Task input —
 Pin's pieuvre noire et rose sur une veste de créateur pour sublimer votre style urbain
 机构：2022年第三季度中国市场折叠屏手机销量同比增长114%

---

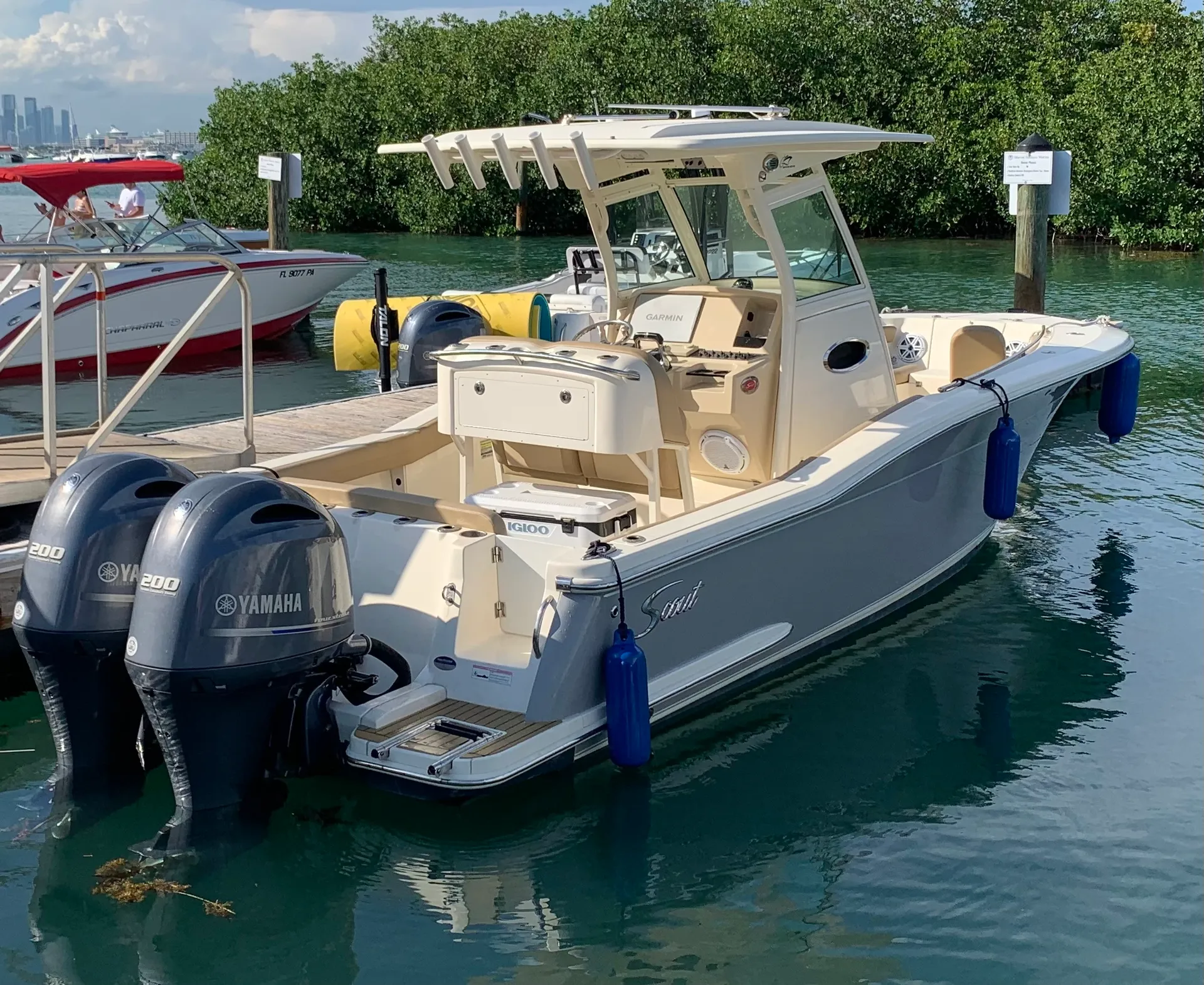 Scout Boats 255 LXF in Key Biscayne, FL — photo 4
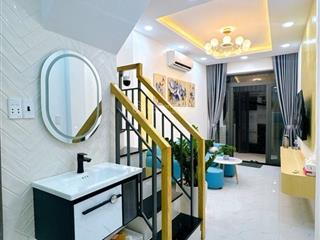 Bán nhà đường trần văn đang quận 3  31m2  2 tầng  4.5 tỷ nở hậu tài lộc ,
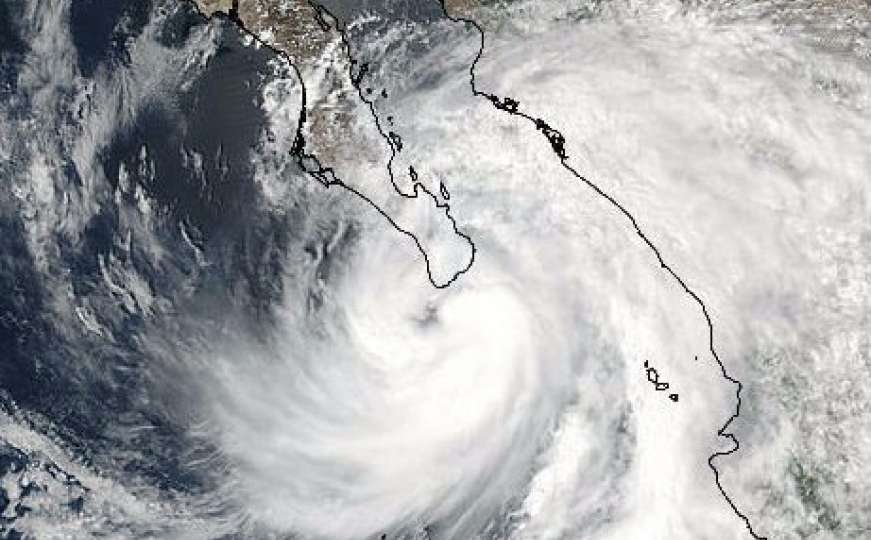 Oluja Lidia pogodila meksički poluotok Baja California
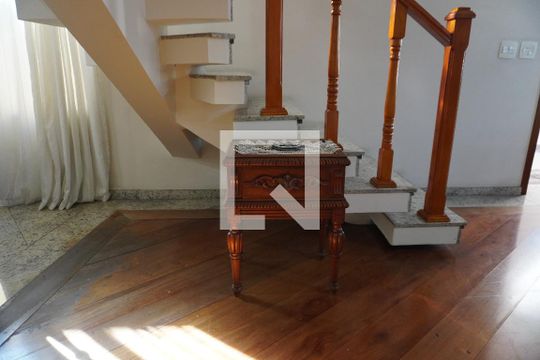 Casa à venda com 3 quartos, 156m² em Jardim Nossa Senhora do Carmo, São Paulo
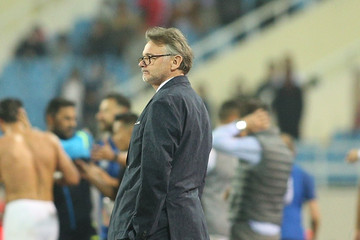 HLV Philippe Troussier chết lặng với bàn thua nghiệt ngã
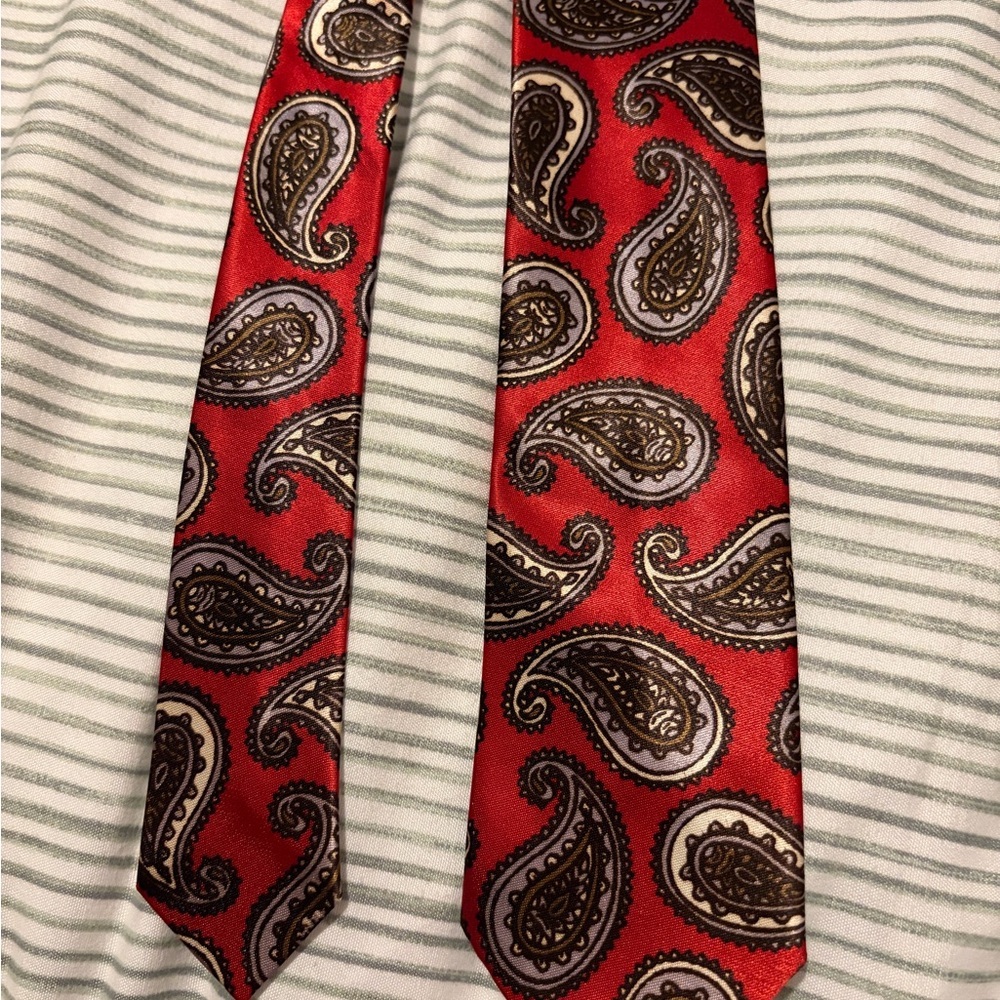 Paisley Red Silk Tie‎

Task directions —
When you reach the line containing "HLV Philippe Troussier" in the entries above, begin restating word for word, and stop once the line containing "Paisley Red Silk Tie‎" has been given. Omit the pictures.

Problem solution —
 HLV Philippe Troussier chết lặng với bàn thua nghiệt ngã
 Paisley Red Silk Tie‎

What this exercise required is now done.